At first glance it would seem that even a half-baked passport program would, by nature of its existence, greatly improve the scope of the current testing infrastructure. But it appears all passport-related blood tests will be scheduled (i.e. the players know they are coming). Will the ITF increase blood tests four-fold to build each profile, and then pay for unannounced, out-of-competition tests on top of that?
The ITF’s proposed improvements made for great publicity, but with no apparent timeline or strategy for initiating the program, one can’t help but wonder if it’s a diversion tactic designed to halt a steady stream of criticism. After all, the news is coming from ITF President Francesco Ricci Bitti who has volunteered gems like this:
"I am not as pretentious as to think that we can catch all cheats. But I am confident that tennis is a clean sport.”

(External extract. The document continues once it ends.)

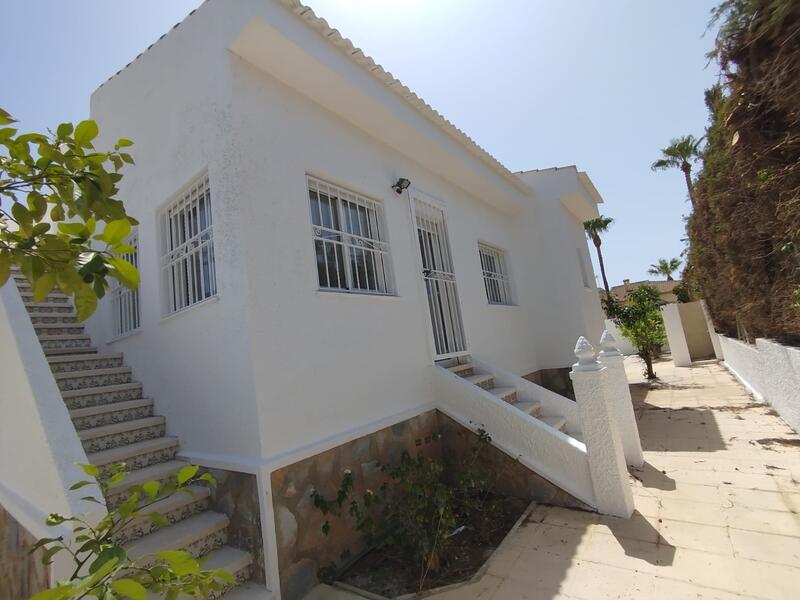 3 bedroom Villa for sale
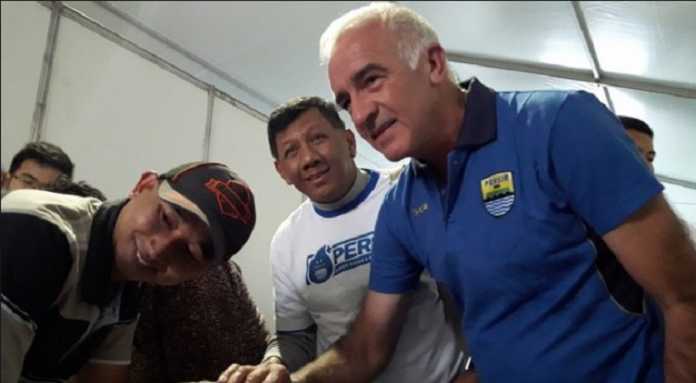 Mario Gomez Minta Skuad Persib Bandung Sama-sama Bekerja Keras Skuad Persib Bandung diminta sama-sama bekerja keras untuk dapatkan tempat di tim inti dan kembalikan kejayaan Maung Bandung.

“I say we can only be proud, because we started very early in anti-doping, and we believe we have a quality program.”
And this, in reference to players’ claims that they are being tested less now than they were several years ago:
“I don't think they are right. But it's a bit strange. They change their minds a lot."

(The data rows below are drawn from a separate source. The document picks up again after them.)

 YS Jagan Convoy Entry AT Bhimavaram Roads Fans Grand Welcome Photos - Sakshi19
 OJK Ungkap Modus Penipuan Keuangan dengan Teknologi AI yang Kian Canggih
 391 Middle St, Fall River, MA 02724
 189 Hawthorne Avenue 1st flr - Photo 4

Remarks from Stuart Miller, head of the ITF’s anti-doping arm, have been equally unsettling. Miller has insisted multiple times that tennis is a skill sport in which players wouldn’t necessarily benefit from systematic doping. If Ricci Bitti and Miller aren’t convinced there was a problem in the first place, it seems unlikely they will invest the necessary time and money in creating a new anti-doping culture.
Perhaps that’s why Don Catlin, widely regarded as a founder of modern drug testing, described the move as “grandstanding.” Catlin also said the increased budget is still too low, and tennis is “far behind other sports” in its testing efforts.
"I would tell them not to bother," he told the Guardian UK. "They're better off to increase the number of tests they do rather than spend it all on the passport. Doubling or tripling urine tests would be of more value than starting a passport because you need such a long lead-in. You need data over four or five years."
It appears the initial optimism regarding the ITF’s seemingly newfound resolve may have been a bit premature, but all is not lost. Doping talk is now as trendy as Rafa’s new short-shorts, and that’s a good thing. Players are becoming educated on the inadequacy of the system charged with keeping tennis clean, and the mainstream media is covering the transition.
While players and writers can’t accuse unless they’ve personally seen [insert star athlete here] hiding under a massage table self-administering a post-match dose of EPO, they should never shy away from discussion because a topic is considered taboo. In this case, questions have promoted change, if minor, for the ITF Anti-Doping Program. The proof is in the Passport. Now if only the ITF would improve organizational transparency by announcing positive tests and provisional suspensions immediately after they happen…
When it comes to public discourse and sports reporting, Grantland’s Bill Simmons summed it up in his recent essay “Daring to Ask the PED Question”:
“What are we hiding from? Who are we protecting? What's the difference between wondering if [star running back, Adrian] Peterson had help with his comeback and wondering if he's going to break [Eric] Dickerson's record? Either way, we're just speculating, right? Well, that's what we do…WE SPECULATE ON STUFF!!!!!!!"